Several thousand papers relevant to Covid-19 have appeared in the first three months of 2020, and the scientific literature is growing rapidly. As a result, scientists struggle to find the papers relevant to their specific research, to review the breadth of recent findings, and uncover insights. The first challenge is to collect the relevant literature and put it in a single, accessible location. In response, we at Allen Institute for AI have partnered with several research organizations to produce the Covid-19 Open Research Dataset (CORD-19), a unique resource of over 44,000 scholarly articles about Covid-19, SARS-CoV-2, and related coronaviruses. It’s updated daily as new research is published. This freely available dataset is machine-readable, so researchers can create and apply natural-language processing algorithms, and hopefully accelerate the discovery of a vaccine.
A coalition including the White House, the Chan Zuckerberg Initiative, Georgetown University’s Center for Security and Emerging Technology, Microsoft Research, and the National Library of Medicine of the National Institutes of Health came together to provide this service.
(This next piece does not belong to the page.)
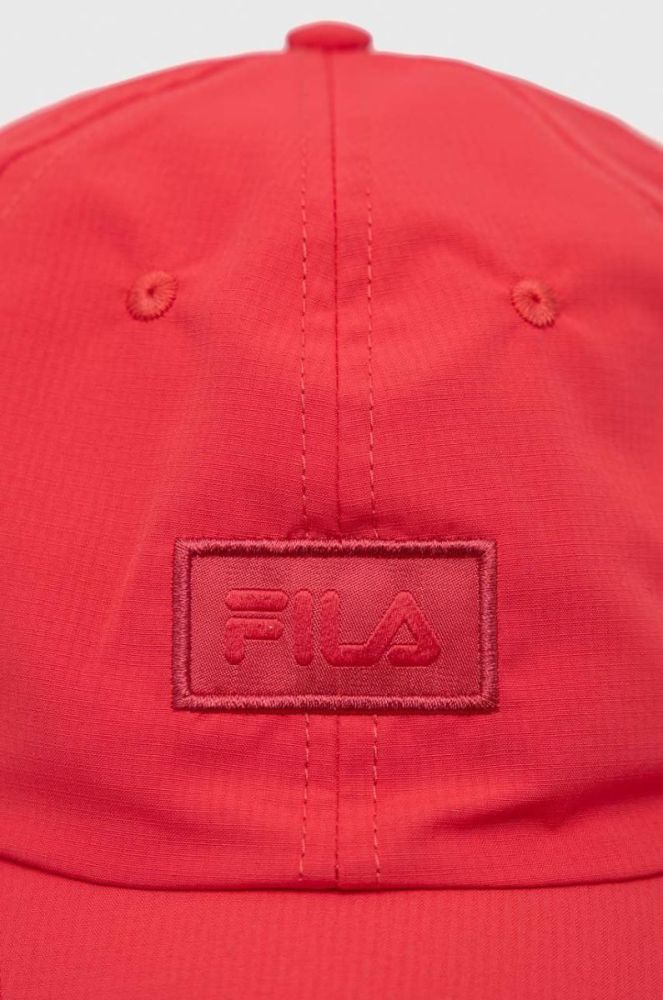 Кепка Fila колір помаранчевий однотонна фото 2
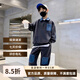 漢唐貝貝兒童裝男童秋裝衛衣套裝2025新款中大童秋季男孩時(shí)髦帥氣春秋款潮 黑色【春秋款】 120 (建議105-115cm 4-5.2周歲)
In addition, Google’s machine-learning and data science platform Kaggle is hosting the Covid-19 Research Challenge, which aims to provide a broad range of insights about the pandemic, including the natural history; transmission and diagnostics for the virus; lessons from previous epidemiological studies; and more. The research challenge was released on March 16. Within five days it had already garnered over 500,000 views, and been downloaded more than 18,000 times. Recent findings from the research community are curated on a single webpage for quick reference.
The most tantalizing prospect for automated analysis of the scientific literature is that AI will connect the dots between studies to identify hypotheses and suggest experiments, and even treatment, that would otherwise be missed. Literature-based discovery is a class of analysis methods invented by the researcher Don R. Swanson in 1988. His automated system discovered a novel treatment for migraines: magnesium. Work on literature-based discovery has continued, and its potential impact has grown with the introduction of deep-learning-based NLP tools such as SciBert.
In addition to supporting the research community in their efforts to understand the virus and develop treatments, AI has played a vital role in the Covid-19 outbreak since day 1. AI startup Bluedot detected a cluster of unusual pneumonia cases in Wuhan in late December and accurately predicted where the virus might spread. Robots have been reducing human interaction by disinfecting hospital rooms, moving food and supplies, and delivering telehealth consultations. AI is being used to track and map the spread of infection in real time, diagnose infections, predict mortality risk, and more. And the potential for future innovation cannot be overlooked.